Recuerdo que poco después de que L’Ajuntament de Palma cediera al Mallorca el uso de Son Moix, el mallorquinismo en masa y sus dirigentes en particular, encontraron excesivamente reducida su capacidad. Querían albergar hasta 30.000 mil espectadores cuando se quedaron en 23.200 plazas que, casi veinte años después, no se han ocupado nunca en su totalidad. Es más, el día que el equipo debutaba nada menos que en la Liga de Campeones, un 11 de septiembre ante el Arsenal, no se cubrió la mitad del aforo. La explicación más extendida fue que se habían producido los atentados de las Torres Gemelas de New York y la gente tenía miedo. En fin, en días menos señalados, ni el Real Madrid no el Barcelona lograron agotar las localidades.
Sería bueno que, antes de reedificar el Estadio Balear previa demolición, los responsables del Atlético Baleares piensen detenidamente hasta dónde quieren, piensan o pueden llegar. Si, se dirá que en partido de promoción de ascenso y con motivo de la visita del Lugo, entraron 10.000 almas, sin añadir cuántas de ellas accedieron mediante invitación porque solo en un afamado colegio de Calviá cayeron 50 de una tacada, entre otras muchas.
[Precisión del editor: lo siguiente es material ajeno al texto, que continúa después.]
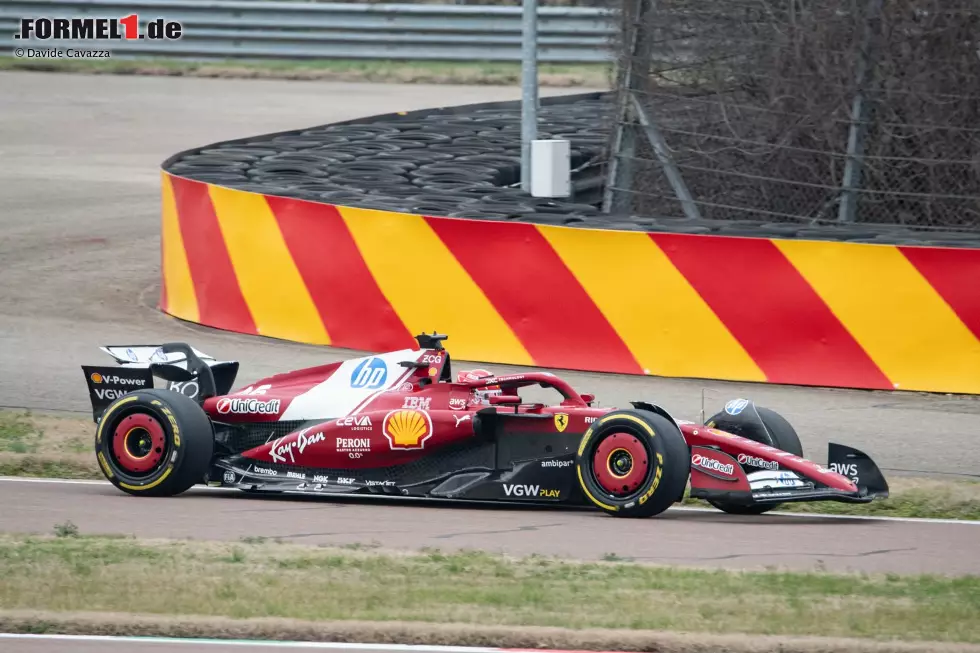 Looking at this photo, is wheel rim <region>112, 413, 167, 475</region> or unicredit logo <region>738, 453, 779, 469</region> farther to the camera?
wheel rim <region>112, 413, 167, 475</region>

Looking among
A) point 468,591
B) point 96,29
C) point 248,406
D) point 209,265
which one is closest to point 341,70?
point 96,29

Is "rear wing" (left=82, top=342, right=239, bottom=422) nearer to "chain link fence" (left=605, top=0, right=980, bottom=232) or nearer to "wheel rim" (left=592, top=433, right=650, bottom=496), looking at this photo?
"wheel rim" (left=592, top=433, right=650, bottom=496)

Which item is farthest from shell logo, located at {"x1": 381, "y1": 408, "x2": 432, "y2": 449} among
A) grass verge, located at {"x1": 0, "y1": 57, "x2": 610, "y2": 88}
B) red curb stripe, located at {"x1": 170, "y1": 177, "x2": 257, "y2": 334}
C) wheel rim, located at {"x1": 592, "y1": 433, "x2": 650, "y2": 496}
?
grass verge, located at {"x1": 0, "y1": 57, "x2": 610, "y2": 88}

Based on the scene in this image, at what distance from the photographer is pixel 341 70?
32469mm

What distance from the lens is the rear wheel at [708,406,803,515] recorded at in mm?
9508

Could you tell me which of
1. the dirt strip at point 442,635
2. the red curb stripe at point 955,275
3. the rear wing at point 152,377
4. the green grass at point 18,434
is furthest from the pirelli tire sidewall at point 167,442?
the red curb stripe at point 955,275

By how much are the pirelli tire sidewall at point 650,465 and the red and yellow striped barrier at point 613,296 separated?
3946 mm

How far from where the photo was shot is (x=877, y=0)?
44.9 ft

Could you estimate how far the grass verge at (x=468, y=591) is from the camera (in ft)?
22.0

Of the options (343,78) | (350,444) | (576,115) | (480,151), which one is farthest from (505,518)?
(343,78)

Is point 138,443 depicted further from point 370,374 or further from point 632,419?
point 632,419

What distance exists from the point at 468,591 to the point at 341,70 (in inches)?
1030

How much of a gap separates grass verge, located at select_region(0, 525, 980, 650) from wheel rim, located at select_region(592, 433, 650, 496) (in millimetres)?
1142

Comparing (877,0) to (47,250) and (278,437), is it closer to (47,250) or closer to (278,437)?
(278,437) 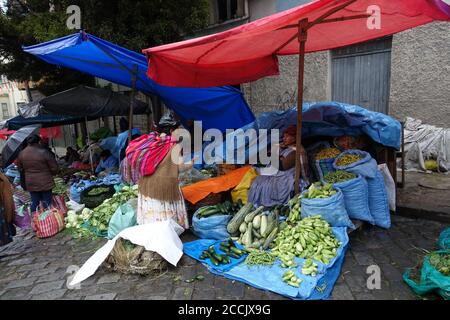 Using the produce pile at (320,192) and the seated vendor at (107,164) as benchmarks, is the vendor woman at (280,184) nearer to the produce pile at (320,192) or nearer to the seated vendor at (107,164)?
the produce pile at (320,192)

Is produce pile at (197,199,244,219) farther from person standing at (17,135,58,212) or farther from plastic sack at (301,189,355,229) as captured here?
person standing at (17,135,58,212)

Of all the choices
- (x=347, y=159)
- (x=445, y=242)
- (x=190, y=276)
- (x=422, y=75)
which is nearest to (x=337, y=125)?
(x=347, y=159)

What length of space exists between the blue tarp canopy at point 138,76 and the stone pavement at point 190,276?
10.1 feet

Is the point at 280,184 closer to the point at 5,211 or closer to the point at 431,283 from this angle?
the point at 431,283

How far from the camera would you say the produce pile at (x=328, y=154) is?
15.7 ft

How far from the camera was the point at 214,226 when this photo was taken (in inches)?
165

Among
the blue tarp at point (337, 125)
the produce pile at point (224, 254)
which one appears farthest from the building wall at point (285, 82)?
the produce pile at point (224, 254)

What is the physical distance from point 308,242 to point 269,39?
2702mm

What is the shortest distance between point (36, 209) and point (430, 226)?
6.19 metres

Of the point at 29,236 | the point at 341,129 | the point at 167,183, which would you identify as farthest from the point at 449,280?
the point at 29,236

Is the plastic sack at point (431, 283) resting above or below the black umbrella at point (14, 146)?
below

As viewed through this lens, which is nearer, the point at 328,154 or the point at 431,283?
the point at 431,283

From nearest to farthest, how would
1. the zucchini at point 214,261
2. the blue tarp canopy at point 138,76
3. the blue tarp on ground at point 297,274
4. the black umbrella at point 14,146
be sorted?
the blue tarp on ground at point 297,274 < the zucchini at point 214,261 < the blue tarp canopy at point 138,76 < the black umbrella at point 14,146

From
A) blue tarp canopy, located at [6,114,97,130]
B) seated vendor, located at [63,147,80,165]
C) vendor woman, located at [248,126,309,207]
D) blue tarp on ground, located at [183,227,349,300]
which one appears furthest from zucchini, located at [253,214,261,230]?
seated vendor, located at [63,147,80,165] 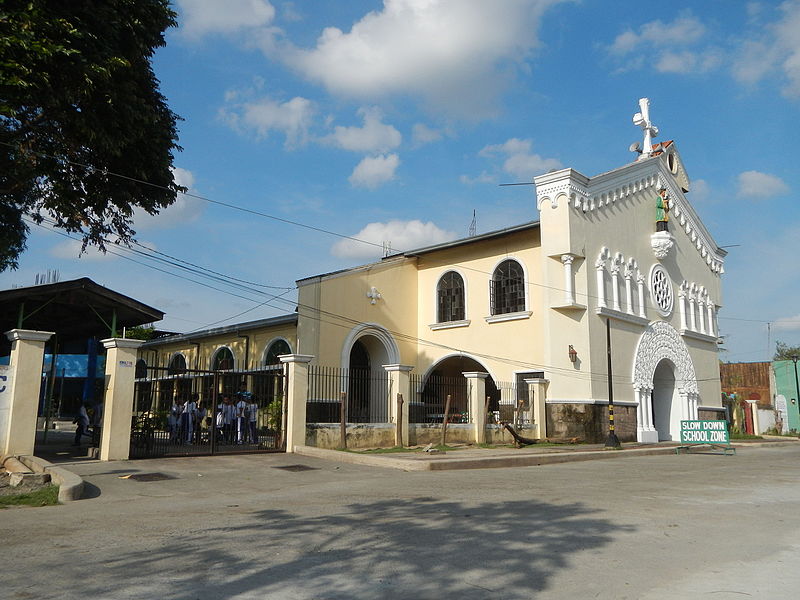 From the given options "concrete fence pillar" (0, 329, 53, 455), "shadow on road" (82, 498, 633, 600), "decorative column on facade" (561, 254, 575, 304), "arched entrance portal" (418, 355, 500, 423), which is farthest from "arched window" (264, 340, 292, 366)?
"shadow on road" (82, 498, 633, 600)

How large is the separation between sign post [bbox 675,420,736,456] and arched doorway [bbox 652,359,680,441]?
6958 millimetres

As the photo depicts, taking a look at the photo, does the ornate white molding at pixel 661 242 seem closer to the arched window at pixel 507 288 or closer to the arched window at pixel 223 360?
the arched window at pixel 507 288

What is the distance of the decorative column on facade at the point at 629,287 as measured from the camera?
984 inches

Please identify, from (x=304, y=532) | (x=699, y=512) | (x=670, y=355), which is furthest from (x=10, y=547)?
(x=670, y=355)

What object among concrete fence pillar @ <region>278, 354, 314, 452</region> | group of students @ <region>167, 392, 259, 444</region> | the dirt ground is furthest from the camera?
group of students @ <region>167, 392, 259, 444</region>

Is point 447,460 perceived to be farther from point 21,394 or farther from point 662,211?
point 662,211

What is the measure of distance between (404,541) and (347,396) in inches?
542

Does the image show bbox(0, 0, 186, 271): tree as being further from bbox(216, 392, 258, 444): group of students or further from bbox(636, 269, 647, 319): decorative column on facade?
bbox(636, 269, 647, 319): decorative column on facade

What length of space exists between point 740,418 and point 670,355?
1290cm

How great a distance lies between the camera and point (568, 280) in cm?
2238

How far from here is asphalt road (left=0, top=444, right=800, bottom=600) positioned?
4.85 m

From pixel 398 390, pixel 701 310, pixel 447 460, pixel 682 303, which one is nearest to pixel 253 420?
pixel 398 390

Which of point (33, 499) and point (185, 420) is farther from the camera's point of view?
point (185, 420)

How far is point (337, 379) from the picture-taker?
72.1ft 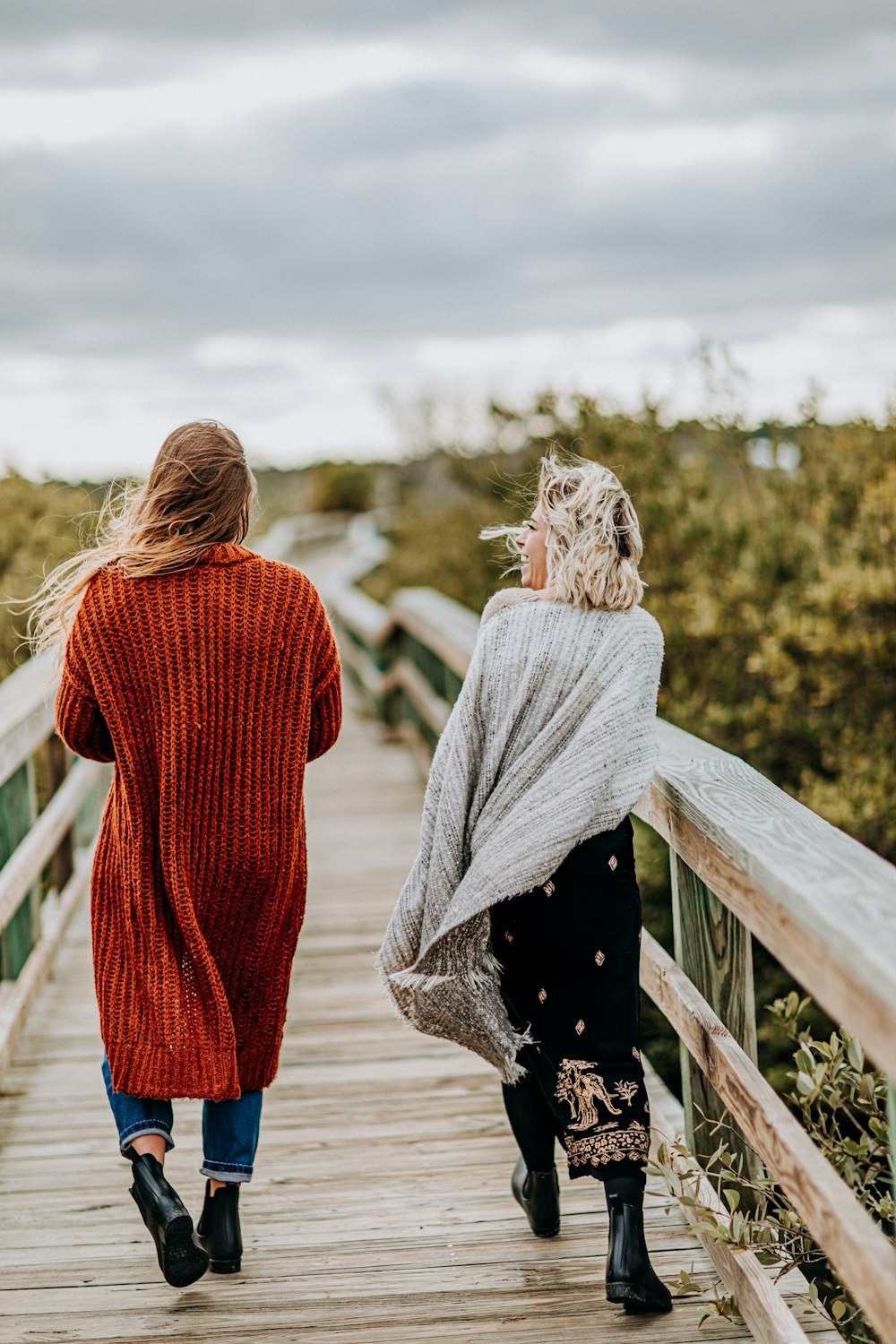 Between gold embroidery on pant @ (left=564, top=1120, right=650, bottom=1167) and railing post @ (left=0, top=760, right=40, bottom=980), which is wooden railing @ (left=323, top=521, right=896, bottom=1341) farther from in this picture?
railing post @ (left=0, top=760, right=40, bottom=980)

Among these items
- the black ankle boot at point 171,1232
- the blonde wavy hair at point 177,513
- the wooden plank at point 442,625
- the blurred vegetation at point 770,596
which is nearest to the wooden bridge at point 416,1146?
the black ankle boot at point 171,1232

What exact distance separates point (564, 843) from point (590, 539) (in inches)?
21.1

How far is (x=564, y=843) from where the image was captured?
2.41 m

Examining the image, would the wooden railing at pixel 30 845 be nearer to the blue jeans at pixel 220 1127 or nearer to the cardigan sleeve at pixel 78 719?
the cardigan sleeve at pixel 78 719

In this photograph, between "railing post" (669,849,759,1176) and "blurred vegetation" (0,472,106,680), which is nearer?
"railing post" (669,849,759,1176)

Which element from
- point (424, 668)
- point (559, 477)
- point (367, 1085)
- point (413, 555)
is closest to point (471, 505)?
point (413, 555)

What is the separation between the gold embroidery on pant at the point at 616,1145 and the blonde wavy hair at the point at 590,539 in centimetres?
93

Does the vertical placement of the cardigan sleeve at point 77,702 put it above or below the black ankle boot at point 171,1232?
above

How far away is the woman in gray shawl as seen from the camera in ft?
8.03

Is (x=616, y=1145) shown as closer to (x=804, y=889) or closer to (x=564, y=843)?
(x=564, y=843)

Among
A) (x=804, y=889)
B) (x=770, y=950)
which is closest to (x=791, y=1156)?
(x=770, y=950)

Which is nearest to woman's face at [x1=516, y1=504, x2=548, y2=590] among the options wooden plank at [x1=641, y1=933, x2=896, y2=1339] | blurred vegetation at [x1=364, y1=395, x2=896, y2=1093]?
blurred vegetation at [x1=364, y1=395, x2=896, y2=1093]

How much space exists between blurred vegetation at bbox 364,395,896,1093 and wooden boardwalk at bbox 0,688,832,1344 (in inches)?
60.3

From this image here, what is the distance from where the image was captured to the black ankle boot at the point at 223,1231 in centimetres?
271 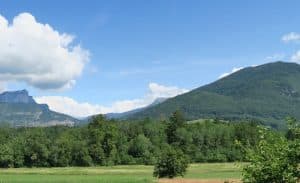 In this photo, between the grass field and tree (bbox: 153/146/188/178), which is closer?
the grass field

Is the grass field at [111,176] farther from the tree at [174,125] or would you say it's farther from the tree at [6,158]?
the tree at [174,125]

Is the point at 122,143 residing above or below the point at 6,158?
above

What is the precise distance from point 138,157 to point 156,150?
561 centimetres

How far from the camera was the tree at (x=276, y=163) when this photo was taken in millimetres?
14625

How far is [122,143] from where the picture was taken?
5886 inches

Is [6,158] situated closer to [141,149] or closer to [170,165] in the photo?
[141,149]

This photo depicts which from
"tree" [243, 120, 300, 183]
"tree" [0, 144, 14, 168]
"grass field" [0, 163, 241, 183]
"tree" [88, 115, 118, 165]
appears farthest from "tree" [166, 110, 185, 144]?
"tree" [243, 120, 300, 183]

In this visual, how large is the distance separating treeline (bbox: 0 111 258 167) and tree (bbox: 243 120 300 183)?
11209 centimetres

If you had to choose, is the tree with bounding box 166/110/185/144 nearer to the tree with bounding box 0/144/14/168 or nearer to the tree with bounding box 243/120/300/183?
the tree with bounding box 0/144/14/168

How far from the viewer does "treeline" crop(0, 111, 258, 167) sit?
13988 centimetres

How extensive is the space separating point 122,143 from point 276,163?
136 meters

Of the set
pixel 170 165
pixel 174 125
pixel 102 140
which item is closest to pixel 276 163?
pixel 170 165

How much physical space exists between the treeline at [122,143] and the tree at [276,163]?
112087mm

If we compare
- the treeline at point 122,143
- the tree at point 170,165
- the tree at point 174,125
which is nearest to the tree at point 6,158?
the treeline at point 122,143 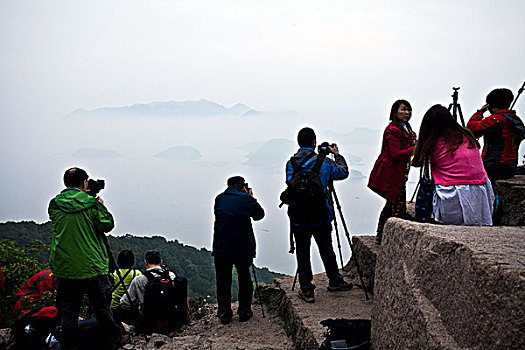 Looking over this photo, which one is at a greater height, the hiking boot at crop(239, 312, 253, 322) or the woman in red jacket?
the woman in red jacket

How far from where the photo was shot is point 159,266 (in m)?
6.41

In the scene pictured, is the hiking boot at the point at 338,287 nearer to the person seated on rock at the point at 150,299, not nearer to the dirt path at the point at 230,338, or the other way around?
the dirt path at the point at 230,338

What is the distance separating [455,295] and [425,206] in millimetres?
2050

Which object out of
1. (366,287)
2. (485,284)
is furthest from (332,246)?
(485,284)

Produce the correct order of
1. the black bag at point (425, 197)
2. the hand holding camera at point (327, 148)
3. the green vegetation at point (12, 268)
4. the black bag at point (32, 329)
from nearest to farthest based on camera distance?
the black bag at point (425, 197)
the black bag at point (32, 329)
the hand holding camera at point (327, 148)
the green vegetation at point (12, 268)

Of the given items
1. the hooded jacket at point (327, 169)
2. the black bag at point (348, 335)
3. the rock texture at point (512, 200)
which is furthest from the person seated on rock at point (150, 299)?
the rock texture at point (512, 200)

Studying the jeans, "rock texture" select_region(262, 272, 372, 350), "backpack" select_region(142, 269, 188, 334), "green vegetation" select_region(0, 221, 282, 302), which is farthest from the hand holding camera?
"green vegetation" select_region(0, 221, 282, 302)

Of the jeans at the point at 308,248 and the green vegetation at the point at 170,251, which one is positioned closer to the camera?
the jeans at the point at 308,248

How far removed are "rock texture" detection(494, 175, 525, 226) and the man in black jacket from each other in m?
3.18

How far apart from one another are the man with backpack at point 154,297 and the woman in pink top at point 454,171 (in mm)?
3685

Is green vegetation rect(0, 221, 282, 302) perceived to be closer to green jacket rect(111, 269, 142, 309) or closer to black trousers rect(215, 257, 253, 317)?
green jacket rect(111, 269, 142, 309)

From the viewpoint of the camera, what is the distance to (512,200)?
585 cm

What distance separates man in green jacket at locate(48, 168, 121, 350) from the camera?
15.9ft

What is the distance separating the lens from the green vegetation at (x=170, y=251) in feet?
48.6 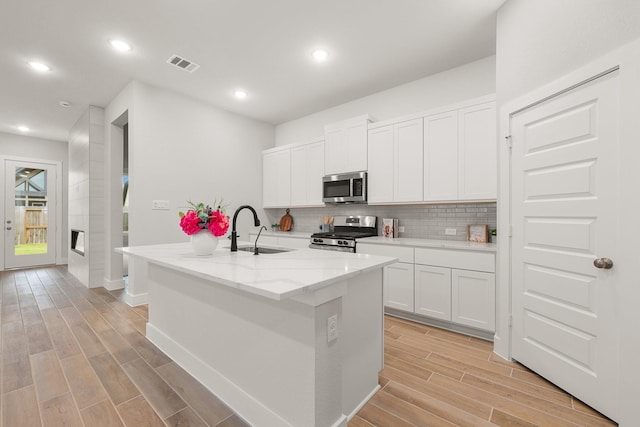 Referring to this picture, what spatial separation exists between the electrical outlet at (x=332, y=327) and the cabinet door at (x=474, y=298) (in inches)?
70.1

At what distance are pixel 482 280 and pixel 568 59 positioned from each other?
5.74ft

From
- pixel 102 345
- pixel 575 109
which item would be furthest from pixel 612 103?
pixel 102 345

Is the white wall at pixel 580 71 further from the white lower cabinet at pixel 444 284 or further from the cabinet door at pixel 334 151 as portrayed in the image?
the cabinet door at pixel 334 151

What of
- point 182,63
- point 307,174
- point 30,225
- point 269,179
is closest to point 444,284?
point 307,174

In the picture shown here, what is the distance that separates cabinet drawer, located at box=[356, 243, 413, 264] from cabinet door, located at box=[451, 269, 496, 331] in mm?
463

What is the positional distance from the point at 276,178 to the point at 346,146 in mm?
1557

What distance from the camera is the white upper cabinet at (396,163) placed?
3.28 meters

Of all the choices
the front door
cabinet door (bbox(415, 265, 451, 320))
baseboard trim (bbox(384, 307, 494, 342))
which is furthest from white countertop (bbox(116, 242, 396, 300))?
the front door

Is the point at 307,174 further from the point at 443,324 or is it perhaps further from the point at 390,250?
the point at 443,324

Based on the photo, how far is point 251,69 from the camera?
337 centimetres

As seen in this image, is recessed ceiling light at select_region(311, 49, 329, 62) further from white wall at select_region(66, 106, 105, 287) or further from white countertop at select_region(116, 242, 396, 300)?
white wall at select_region(66, 106, 105, 287)

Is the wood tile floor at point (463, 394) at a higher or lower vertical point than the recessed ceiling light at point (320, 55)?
lower

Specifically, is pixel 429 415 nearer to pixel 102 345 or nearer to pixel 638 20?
pixel 638 20

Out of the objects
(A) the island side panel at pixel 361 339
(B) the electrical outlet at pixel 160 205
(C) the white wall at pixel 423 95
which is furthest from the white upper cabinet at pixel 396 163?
(B) the electrical outlet at pixel 160 205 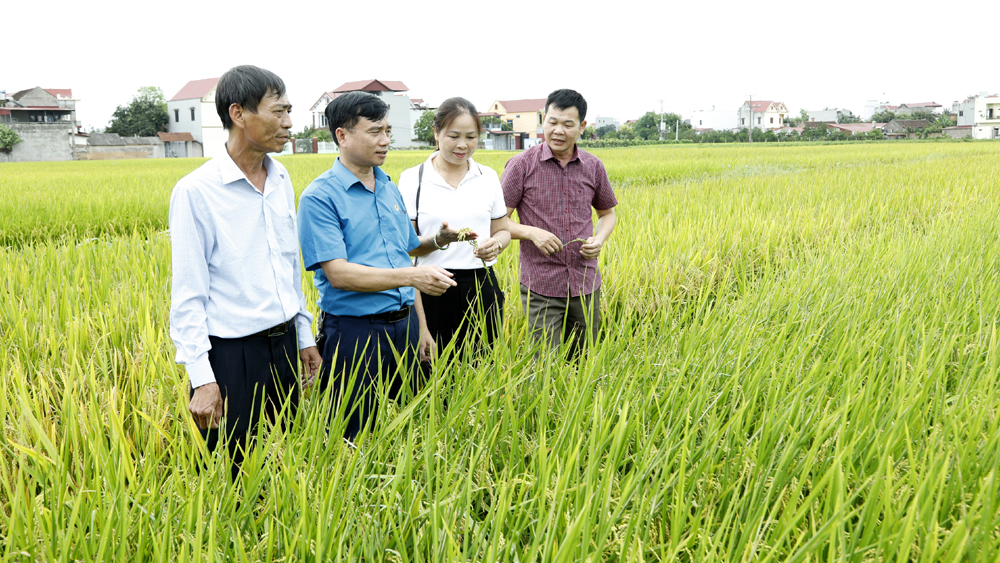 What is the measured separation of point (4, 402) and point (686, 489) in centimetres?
172

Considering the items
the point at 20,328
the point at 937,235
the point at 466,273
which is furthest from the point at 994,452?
the point at 937,235

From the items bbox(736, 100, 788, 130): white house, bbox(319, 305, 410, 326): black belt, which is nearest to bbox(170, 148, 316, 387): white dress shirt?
bbox(319, 305, 410, 326): black belt

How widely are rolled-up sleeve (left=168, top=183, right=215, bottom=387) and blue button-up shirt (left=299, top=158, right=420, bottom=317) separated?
0.33m

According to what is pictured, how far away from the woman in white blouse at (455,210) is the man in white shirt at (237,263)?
24.1 inches

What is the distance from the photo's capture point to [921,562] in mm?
970

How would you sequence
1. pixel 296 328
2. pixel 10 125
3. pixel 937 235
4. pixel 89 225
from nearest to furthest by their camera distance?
pixel 296 328 → pixel 937 235 → pixel 89 225 → pixel 10 125

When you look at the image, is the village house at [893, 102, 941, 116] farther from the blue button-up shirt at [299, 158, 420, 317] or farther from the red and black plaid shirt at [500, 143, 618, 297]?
the blue button-up shirt at [299, 158, 420, 317]

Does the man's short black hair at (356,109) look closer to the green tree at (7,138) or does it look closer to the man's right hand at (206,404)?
the man's right hand at (206,404)

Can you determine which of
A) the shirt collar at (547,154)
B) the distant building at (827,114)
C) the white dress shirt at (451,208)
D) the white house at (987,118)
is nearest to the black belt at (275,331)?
the white dress shirt at (451,208)

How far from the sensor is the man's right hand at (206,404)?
1.50m

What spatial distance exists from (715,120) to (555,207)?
79379 mm

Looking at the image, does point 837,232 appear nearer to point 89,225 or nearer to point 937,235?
point 937,235

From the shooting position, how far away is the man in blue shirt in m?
1.79

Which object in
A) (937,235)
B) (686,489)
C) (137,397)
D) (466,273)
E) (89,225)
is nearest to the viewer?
(686,489)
Uno de los grandes misterios del Mallorca ha sido no llegar a cuantificar con un mínimo de precisión el tamaño de su masa social. Los cálculos más fiables y recientes apuntaban a unas 8.000 personas. El señor Ingo Volkman y los miembros de la Junta Procampo deberían encargar un estudio en el mismo sentido porque la familia blanquiazul es aún más pequeña que la barralet y es más llamativo un campo lleno, que esos con las calvas a las que estamos acostumbrados, influencia de la televisión aparte. Y los tiempos en que en torno a un estadio de fútbol se construía y prosperaba una urbanización han pasado a la historia si nos atenemos a la sensibilidad que rodea a planteamientos semejantes.